Gaumont still insisted they would make the film and announced that Victor McLaglen would star and Raoul Walsh direct. Walsh said he was interested in making two versions, one for England and one for America – the latter without the British dialect. Walsh left for England to begin pre-production and Charles Bickford was announced as co-star.
However, Gaumont never made the film. In early 1938, MGM announced they were going to make the film along with another Kipling adaptation, Kim. A script was written by Vincent Lawrence and Grover Jones. However shooting was postponed out of sensitivity to Indian audiences.
The project was reactivated after the war and the script was rewritten by Marguerite Roberts. The producer was Pandro S. Berman, who had worked on Gunga Din. It was one of two Kipling-orientated films being made by the studio at the time, the other being Kim.
In May 1950, it was announced the movie would be one of the first starring Stewart Granger under his new seven-year contract with MGM following the success of King Solomon's Mines – the others were a remake of Scaramouche and Robinson Crusoe. The latter film was never made.

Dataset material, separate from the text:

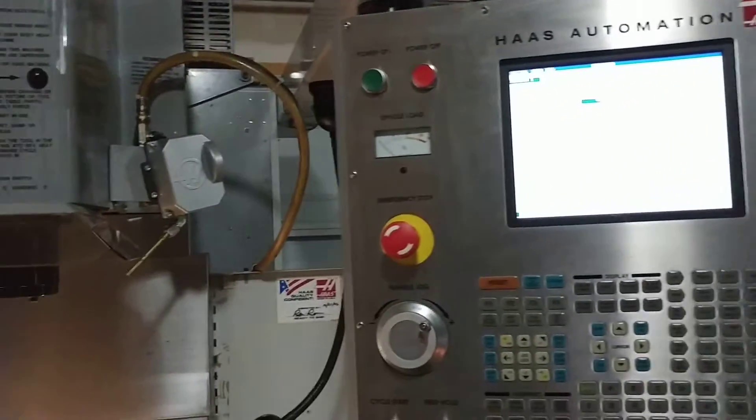Alright folks, here we are. I've had a couple of people send me some questions about the Haas machine that I'm working with.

The initial cast was to be Granger, Gene Kelly and Walter Pidgeon. Granger was to play Irishman Terence Mulvaney, with the other lead characters called Ortheris and Learoyd. Tay Garnett signed to direct. Eventually Kelly dropped out and David Niven and Cyril Cusack signed on to star. Greta Gynt was given her first role in American films as the female lead.
The bulk of the story was taken from Kipling's "The Incarnation of Krishna Mulvaney". Pandro S. Berman told the New York Times he was aware the story was politically tricky:
We are making a rough and tumble brawling comedy with three British soldiers out of a Kipling work as major characters and that presents major problems. The people of India hated Kipling. As to the British, how they will react when we show three roistering, drunken Tommies on the screen is a question. When I produced Gunga Din at RKO in 1938 it was banned in India and efforts were made to stop it being shown in the British Isles. But if we were to film Soldiers Three to please either Britain or India we would have to make it much too dull to for our much bigger audience here at home.
Nonetheless Berman insisted on the creation of a new character, Gobind Lal, a peaceful Indian, who was not in the Kipling original, although care was taken that Lal did not resemble Mahatma Gandhi too closely. The final scene was altered so that Indian rebels laid down their arms to indicate their support of passive resistance. Berman also arranged for Mulvaney's irreverence to the Hindu god Krishna to be removed so as not to offend Indians.
Further changes were made when it was realised that Granger could not do an Irish accent – the character of Mulvaney was changed to the Cockney "Ackroyd" (Granger could do Cockney). Once this change was made, Berman decided that the other two lead characters should also have their names changed, to Malloy and Sykes, to emphasise that the work was more of an MGM original than derived from Kipling.
[The cast and story] should have made a good picture, but the miscasting of one principal, which I failed to recognize until it was too late, threw the show completely out of balance. Trying to restore equilibrium with jokes and gags was like trying to cure bubonic plague with warm beer.
Stewart Granger later said he enjoyed working with stuntman Yakima Canutt on the film, "but the script. Oh dear! If Metro had planned to ruin my career they couldn't have chosen a better subject."
According to MGM records the movie earned $1,016,000 in the US and Canada and $1,221,000 overseas, making a profit of $23,000.